*YOUR INSTRUCTIONS*
What is needed here is an exact printout of the data, with no pictures included.

[Collected data]
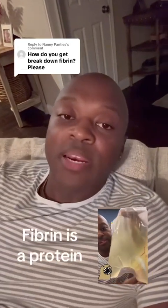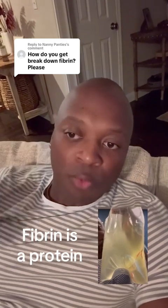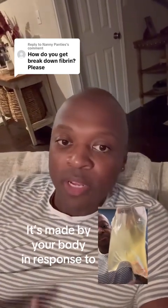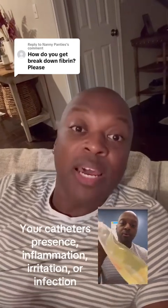Fibrin is a protein that your body naturally produces because you have a plastic tube inside of you — maybe it's rubbing against your insides causing inflammation, or maybe you got peritonitis that caused your whole cavity to become inflamed. So fibrin is being produced by your body to help out, but it's really not helping you out.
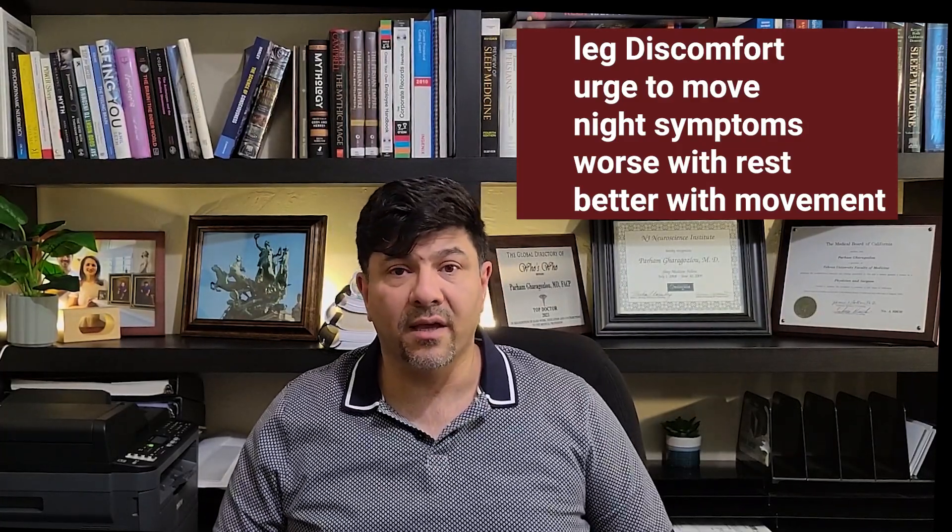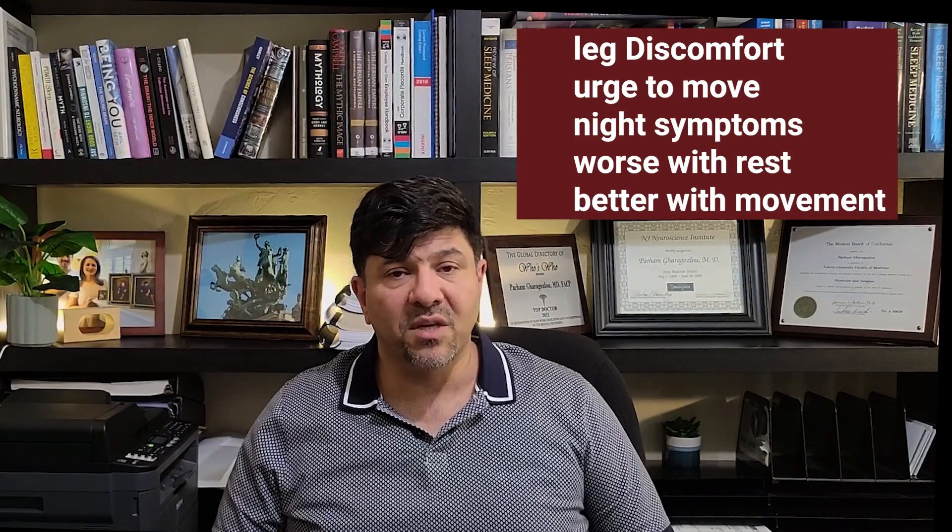Most of the time it happens intermittently and it's mild, but sometimes it's really severe and it really changes the quality of life of patients. Cases of depression and suicide are seen in specialty clinics, especially for very severe cases, but they're not seen every day. Most of the time these people have problems that are worse at night, and it causes insomnia and inability to sleep.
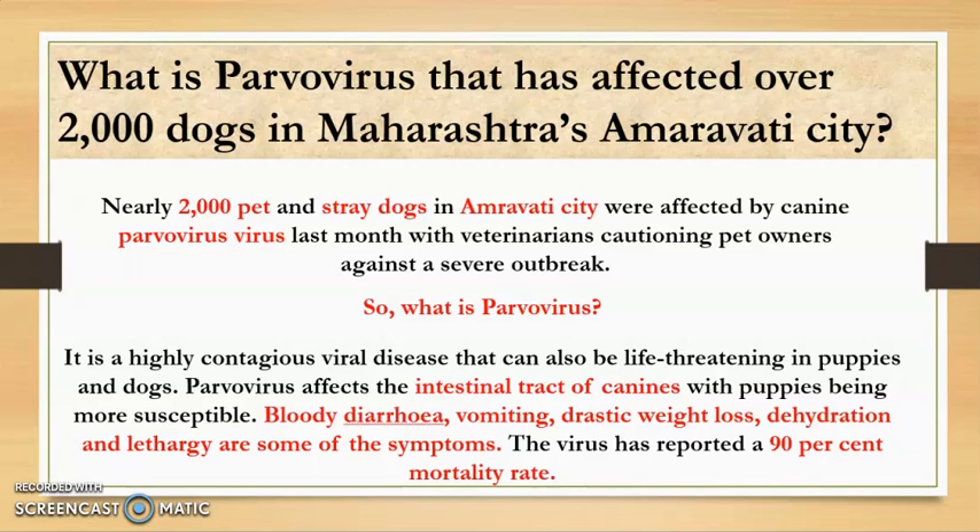Hello everyone, I hope you all are fit and fine. So today in this video, we are going to discuss about the term: what is a parvovirus.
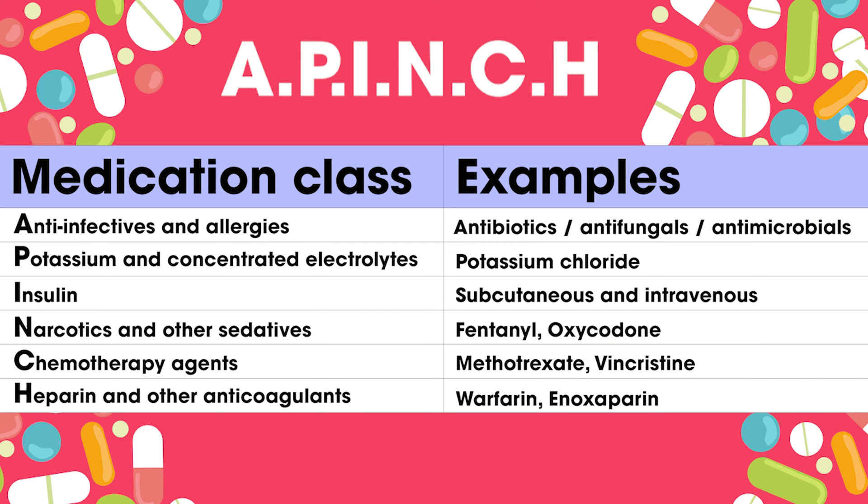The anti-infectives are the antibiotics and antifungal medications. Patients may have allergies to penicillin, for example, and this is incredibly important to know. The type of reaction to the medication is also important — was it a rash or anaphylaxis?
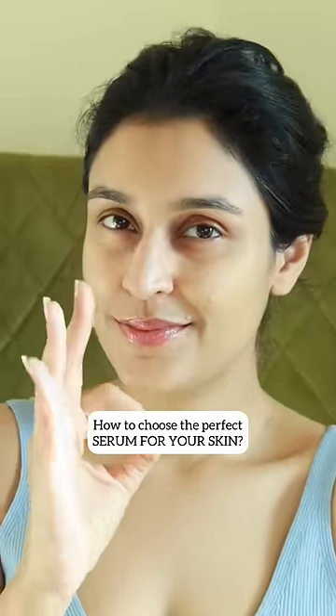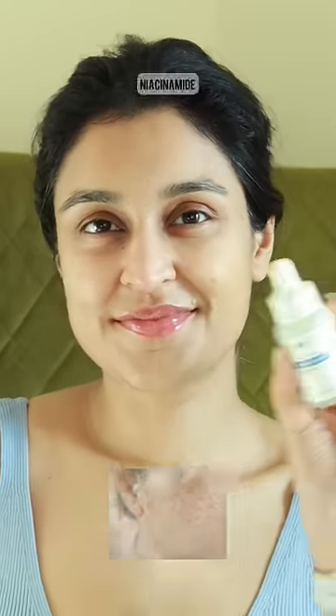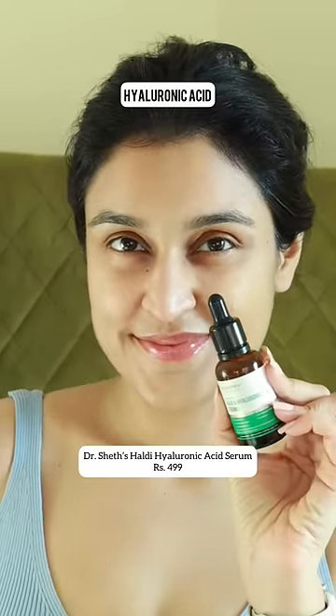Here's how you can choose the perfect serum for your skin. If you have dullness, hyperpigmentation, or acne marks, try a good vitamin C serum. If you have acne, acne marks, or enlarged pores, try a good niacinamide serum. If you have flaky, dehydrated skin or a compromised skin barrier, try a hyaluronic acid with peptides and ceramides.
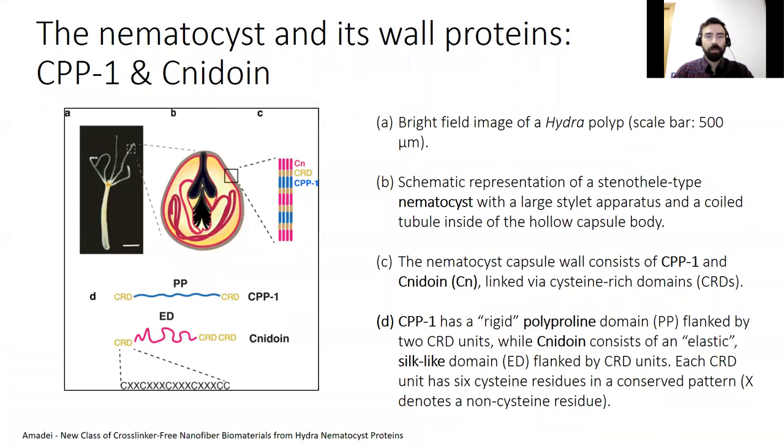Nematocysts are harpoon-like organelles possessing remarkable mechanical properties. Recently, two novel protein components building up the nematocyst capsule wall in Hydra were identified. The first one is the cnidarian proline-rich protein 1, CPP1, characterized by a rigid polyproline motif flanked by two cysteine-rich domains comprising six cysteine residues in a conserved pattern.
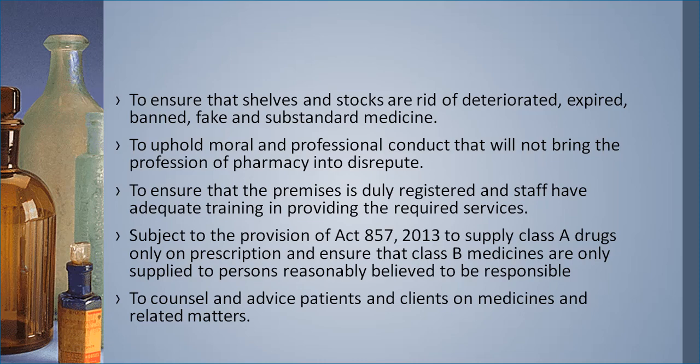The pharmacist must uphold moral and professional conduct that will not bring the profession of pharmacy into disrepute. The pharmacist also ensures premises are duly registered and staff have adequate training. Subject to Act 857 of 2013, the pharmacist supplies Class A drugs only on prescription and ensures that Class B medicines — pharmacy-only medicines — are supplied only to persons reasonably believed to be responsible. The pharmacist also counsels and advises patients and clients on medicines and related matters.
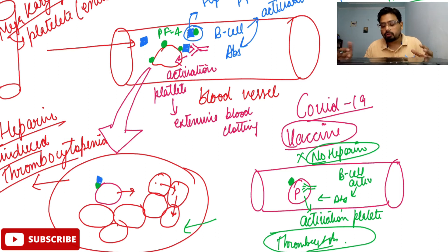You just have to remember the PF4 molecule and B-cell activation causing platelet activation, which further activates other platelet cells. One platelet cell gets activated, it activates more, which activate thousands of platelet cells, and ultimately blood clotting happens. In COVID-19 vaccine cases, there is no heparin — the same process is happening without heparin. This is the total mechanism by which the COVID-19 vaccine initiates thrombocytopenia or blood clotting. I hope you liked the video, thank you.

*RESPONSE BELOW*
Fibrin is a protein that your body naturally produces because you have a plastic tube inside of you — maybe it's rubbing against your insides causing inflammation, or maybe you got peritonitis that caused your whole cavity to become inflamed. So fibrin is being produced by your body to help out, but it's really not helping you out.
Most of the time it happens intermittently and it's mild, but sometimes it's really severe and it really changes the quality of life of patients. Cases of depression and suicide are seen in specialty clinics, especially for very severe cases, but they're not seen every day. Most of the time these people have problems that are worse at night, and it causes insomnia and inability to sleep.
Hello everyone, I hope you all are fit and fine. So today in this video, we are going to discuss about the term: what is a parvovirus.
The anti-infectives are the antibiotics and antifungal medications. Patients may have allergies to penicillin, for example, and this is incredibly important to know. The type of reaction to the medication is also important — was it a rash or anaphylaxis?
Here's how you can choose the perfect serum for your skin. If you have dullness, hyperpigmentation, or acne marks, try a good vitamin C serum. If you have acne, acne marks, or enlarged pores, try a good niacinamide serum. If you have flaky, dehydrated skin or a compromised skin barrier, try a hyaluronic acid with peptides and ceramides.
Nematocysts are harpoon-like organelles possessing remarkable mechanical properties. Recently, two novel protein components building up the nematocyst capsule wall in Hydra were identified. The first one is the cnidarian proline-rich protein 1, CPP1, characterized by a rigid polyproline motif flanked by two cysteine-rich domains comprising six cysteine residues in a conserved pattern.
The pharmacist must uphold moral and professional conduct that will not bring the profession of pharmacy into disrepute. The pharmacist also ensures premises are duly registered and staff have adequate training. Subject to Act 857 of 2013, the pharmacist supplies Class A drugs only on prescription and ensures that Class B medicines — pharmacy-only medicines — are supplied only to persons reasonably believed to be responsible. The pharmacist also counsels and advises patients and clients on medicines and related matters.
You just have to remember the PF4 molecule and B-cell activation causing platelet activation, which further activates other platelet cells. One platelet cell gets activated, it activates more, which activate thousands of platelet cells, and ultimately blood clotting happens. In COVID-19 vaccine cases, there is no heparin — the same process is happening without heparin. This is the total mechanism by which the COVID-19 vaccine initiates thrombocytopenia or blood clotting. I hope you liked the video, thank you.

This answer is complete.